England's Feyi-Waboso out of South Africa match
England wing Immanuel Feyi-Waboso has been ruled out of facing world champions South Africa after suffering a head injury during Saturday's loss at home to Australia.
Feyi-Waboso was hurt trying to prevent the Wallabies from scoring a try in the 50th minute of the dramatic 42-37 defeat, with team management announcing Sunday he had been withdrawn from a 36-man squad assembled ahead of the November 16 clash with the Springboks at Twickenham.
England already knew they would be missing Tom Curry for the centrepiece of their November campaign after the flanker was knocked out making a tackle against Australia.

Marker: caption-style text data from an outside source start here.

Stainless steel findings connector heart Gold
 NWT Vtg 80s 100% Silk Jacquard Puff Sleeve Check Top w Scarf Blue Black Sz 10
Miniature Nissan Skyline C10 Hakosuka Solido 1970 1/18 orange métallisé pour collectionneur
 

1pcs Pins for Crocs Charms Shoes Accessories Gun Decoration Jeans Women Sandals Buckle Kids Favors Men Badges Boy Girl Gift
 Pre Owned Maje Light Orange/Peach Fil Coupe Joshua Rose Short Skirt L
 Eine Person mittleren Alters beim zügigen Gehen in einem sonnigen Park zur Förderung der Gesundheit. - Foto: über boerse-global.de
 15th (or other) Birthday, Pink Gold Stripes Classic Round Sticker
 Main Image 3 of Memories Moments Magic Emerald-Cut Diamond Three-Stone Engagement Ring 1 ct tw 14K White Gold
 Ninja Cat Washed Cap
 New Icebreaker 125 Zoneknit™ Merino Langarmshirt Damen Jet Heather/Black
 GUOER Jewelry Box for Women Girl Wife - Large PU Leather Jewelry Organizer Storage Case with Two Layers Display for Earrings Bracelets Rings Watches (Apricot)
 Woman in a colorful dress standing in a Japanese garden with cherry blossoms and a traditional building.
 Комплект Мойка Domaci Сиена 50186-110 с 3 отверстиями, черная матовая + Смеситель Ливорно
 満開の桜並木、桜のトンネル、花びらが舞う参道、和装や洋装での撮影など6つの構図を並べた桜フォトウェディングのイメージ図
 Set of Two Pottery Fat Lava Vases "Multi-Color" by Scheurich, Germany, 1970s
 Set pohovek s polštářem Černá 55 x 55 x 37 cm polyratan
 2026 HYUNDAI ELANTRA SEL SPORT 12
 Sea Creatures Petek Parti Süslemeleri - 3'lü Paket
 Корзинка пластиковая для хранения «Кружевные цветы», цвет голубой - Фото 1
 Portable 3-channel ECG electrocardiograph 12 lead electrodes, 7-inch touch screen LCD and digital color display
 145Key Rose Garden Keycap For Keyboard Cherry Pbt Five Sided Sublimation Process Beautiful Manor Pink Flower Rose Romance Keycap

Bath's Ted Hill has been called up as back row cover, with Tom Roebuck of Sale added to the squad in Feyi-Waboso's absence.
A repeat of last year's World Cup semi-final, which South Africa edged 16-15, comes with England on a run of four successive defeats after losses to both New Zealand and Australia in their opening two November fixtures.
Feyi-Waboso only made his Test debut in the Six Nations but has forged a place in the starting side with five tries in eight appearances.
England led Australia 15-3 when Curry went off after being struck by Rob Valentini's knee and they promptly lost control of the breakdown without the loose forward.
Ben Curry, Tom's twin brother, and Sam Underhill will now compete for the openside flanker berth, with Ollie Sleightholme, who scored two tries off the bench against the Wallabies, in line to replace Feyi-Waboso.
England need to beat the Springboks to revive their end-of-year campaign, with Steve Borthwick's men rounding off 2024 against Japan a week later.
The Red Rose brigade's run of five defeats in six games has seen England repeatedly squander winning positions, with Saturday's stoppage-time loss to Australia the most blatant example yet.
"We're testing fans' patience, testing our patience," admitted England No 8 Ben Earl. "It feels like we won the game twice against Australia and then managed to lose it. Frustrating.
"Not the same old problems, different problems, but the same overwhelming feeling of another game that we've let slip. So food for thought."